The Cognitive and Emotional Control Decline domains (BAT) were negatively correlated with Workload, Control, and Fairness in the AWS; however, only Emotional Control Decline showed a negative correlation with Absorption in the UWES. Finally, the Psychological and Psychosomatic Complaints dimensions (BAT) also showed negative correlations with Workload, Control, and Fairness in the AWS, although only Psychological Complaints were negatively correlated with Absorption in the UWES.
Overall, Pearson correlation coefficients between BAT, UWES, and AWS illustrate a complex network of interactions. Strong (classified as “A”) and moderate (classified as “B”) negative correlations were statistically significant and highlight critical areas where burnout significantly impacts work perceptions and professional engagement. Weaker correlations, although statistically significant (classified as “C”), indicate more moderate relationships between these variables.

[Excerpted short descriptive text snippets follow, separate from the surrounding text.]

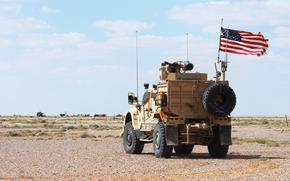 Green Berets fire a .50 caliber machine gun mounted on a Common Remotely Operated Weapon Station from a M-ATV Special Forces Vehicle during a readiness exercise near At-Tanf Garrison, Syria, April 12, 2020. Coalition and partner forces regularly train on various weapons systems in a joint effort to defeat Daesh remnants in southern Syria, and help set conditions for the enduring defeat of Daesh. (U.S. Army photo by Staff Sgt. William Howard)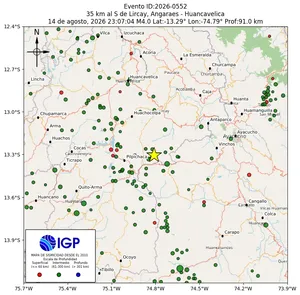 Mapa sísmico del sismo de magnitud 4 a 35 km al S de Lircay, Angaraes - Huancavelica, Perú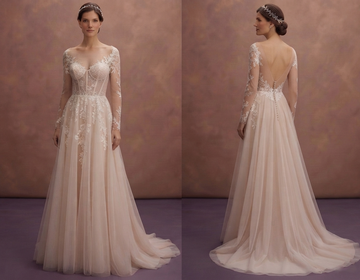 Nude Tulle Bridal Gowns with Soft Illusion Details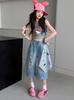 Summer 2026 Cartoon Graffiti Girls' Wide-Leg Jeans - Medium & Large Sizes, Thin Seven-Quarter Length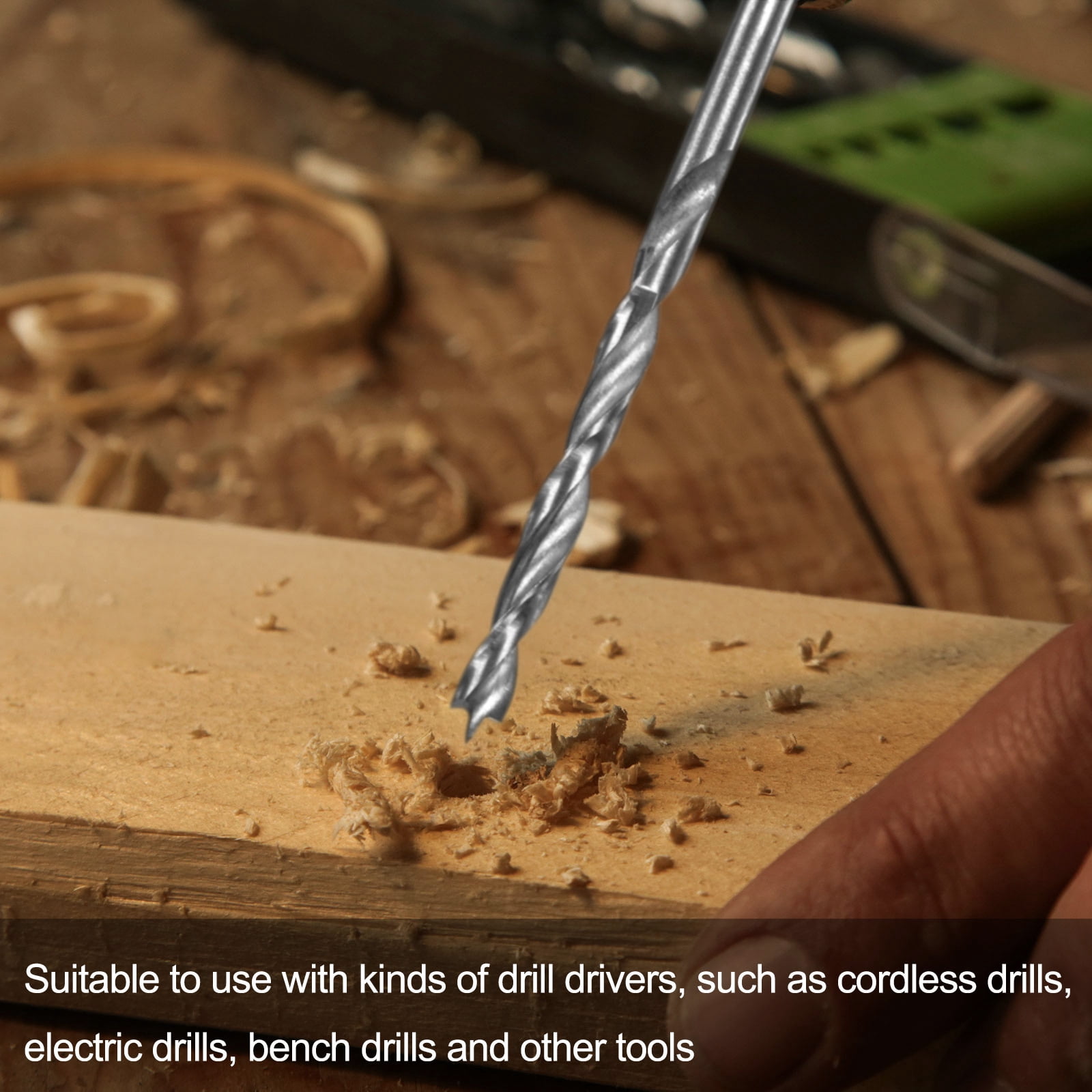 Uxcell Brad Point Drill Bit 2.5/3/3.5/4/4.5/5/5.5/6/6.5/7/7.5/8/8.5/9/9.5/10mm Dia Straight Round Shank Drill Metric Brad Point Spiral Twist Drill Bits for Woodworking, 16 In1 Set
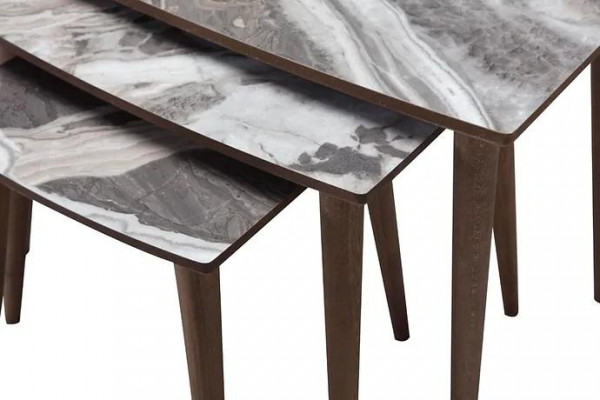 Modern living room 3x coffee table set rectangular beige side table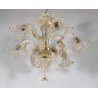 ANTICO LAMPADARIO PRIMI 1900 VETRO ORO MURANO FOGLIE 6 LUCI VENEZIA HANGING LAMP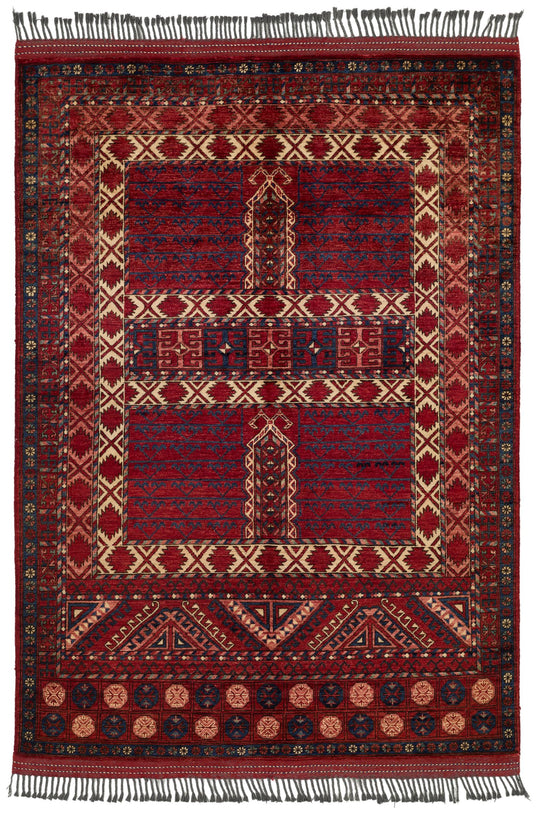 5x7 Burgundy and Multicolor Turkish Tribal Rug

3.1.6. Structural Equation Model: Evaluation of the Relationship Between AWS, UWES, and BAT

To evaluate the relationship between the Areas of Worklife Survey (AWS), the Utrecht Work Engagement Scale (UWES), and the Burnout Assessment Tool (BAT), a Structural Equation Model (SEM) was constructed to investigate whether AWS acts as a moderator in the relationship between engagement and burnout among psychology professionals. The model demonstrated excellent performance, with an R² coefficient of 96.29%.
Initially, when analyzing the model including all variables, the direct relationship between UWES and BAT was highly significant, with a path coefficient of −0.7021 and a p-value < 0.0001. However, the direct relationship between AWS and BAT was not statistically significant, with a path coefficient of −0.0249 and a p-value of 0.7900. Conversely, the relationship between UWES and AWS was statistically significant, with a path coefficient of 0.6124 and a p-value < 0.0001.
Regarding direct effects, the direct effect of UWES on BAT was highly significant, with a value of −9.0735 and a p-value < 0.0001. In contrast, the direct effect of AWS on BAT was not statistically significant (−0.0936; p = 0.7900). Concerning indirect effects, the inclusion of AWS in the model did not significantly reduce the relationship between UWES and BAT, with an indirect effect of −0.2014 and a p-value of 0.7900.
Analysis of total effects showed that the total effect of UWES on BAT was highly significant (−9.4749; p < 0.0001). However, the total effect of AWS on BAT was not significant (−0.0936; p = 0.7900).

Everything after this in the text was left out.